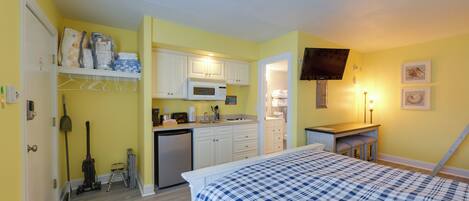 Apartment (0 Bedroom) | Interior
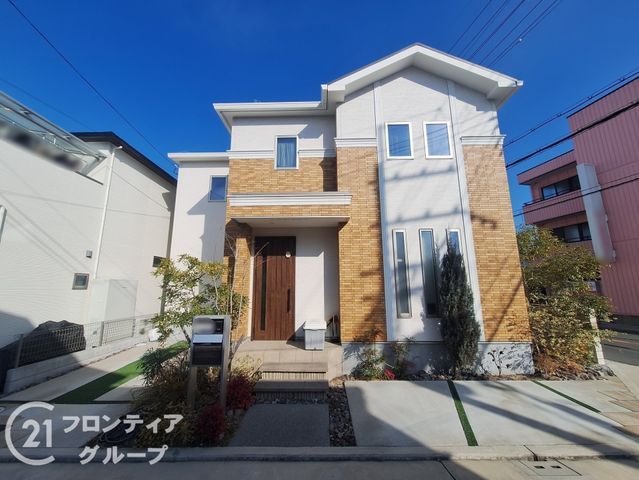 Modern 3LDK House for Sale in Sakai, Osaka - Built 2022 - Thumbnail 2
================================
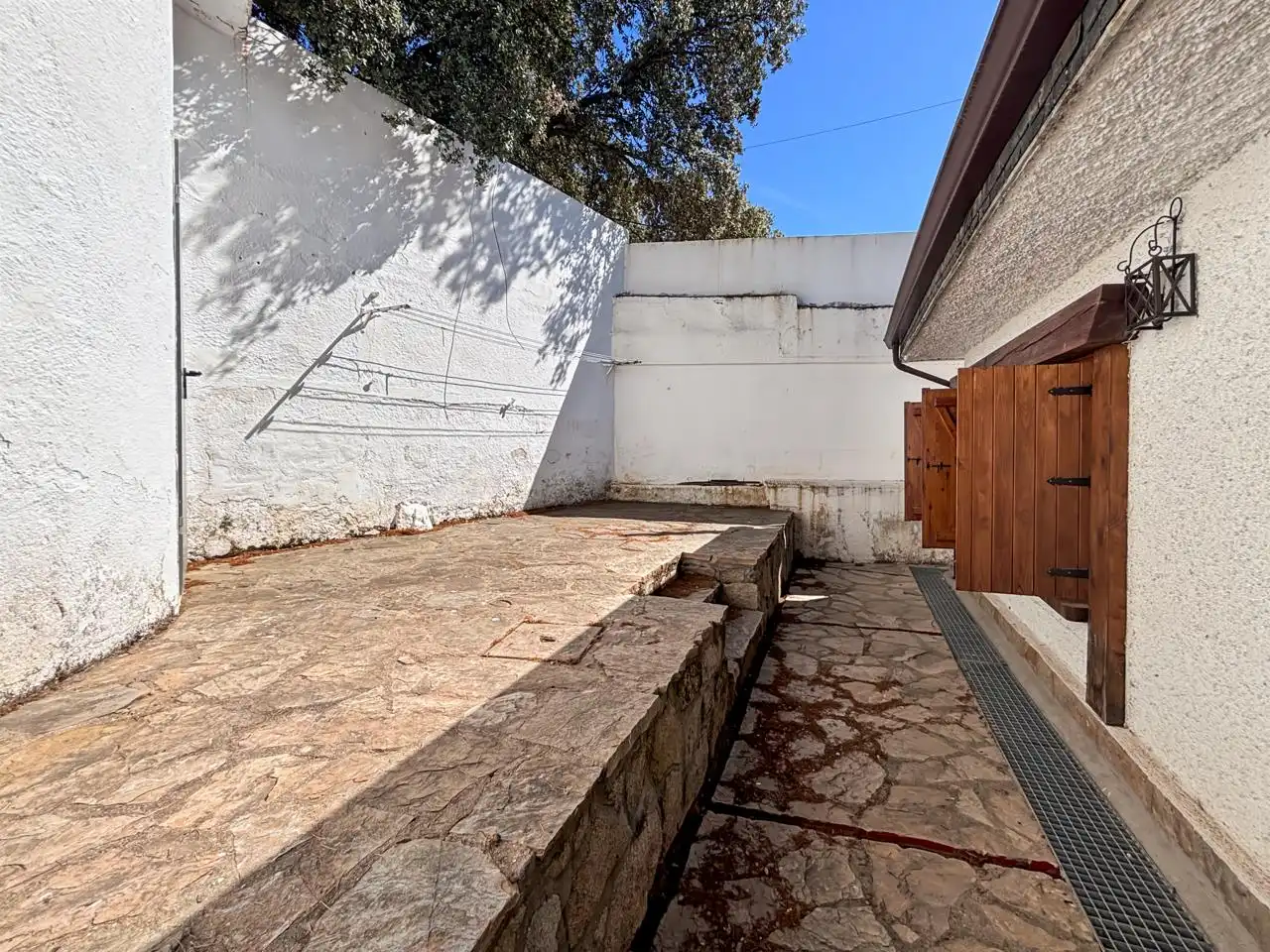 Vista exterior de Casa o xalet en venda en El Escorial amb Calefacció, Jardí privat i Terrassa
================================
WHAT YOU WILL DO. Everything from the line above that contains "Apartment (0 Bedroom) | Interior" down to the line that contains "Modern 3LDK House" must be reproduced exactly, both ends included. Omit the pictures.

ANSWER BOX.
 Apartment (0 Bedroom) | Interior
 Modern 3LDK House for Sale in Sakai, Osaka - Built 2022 - Thumbnail 2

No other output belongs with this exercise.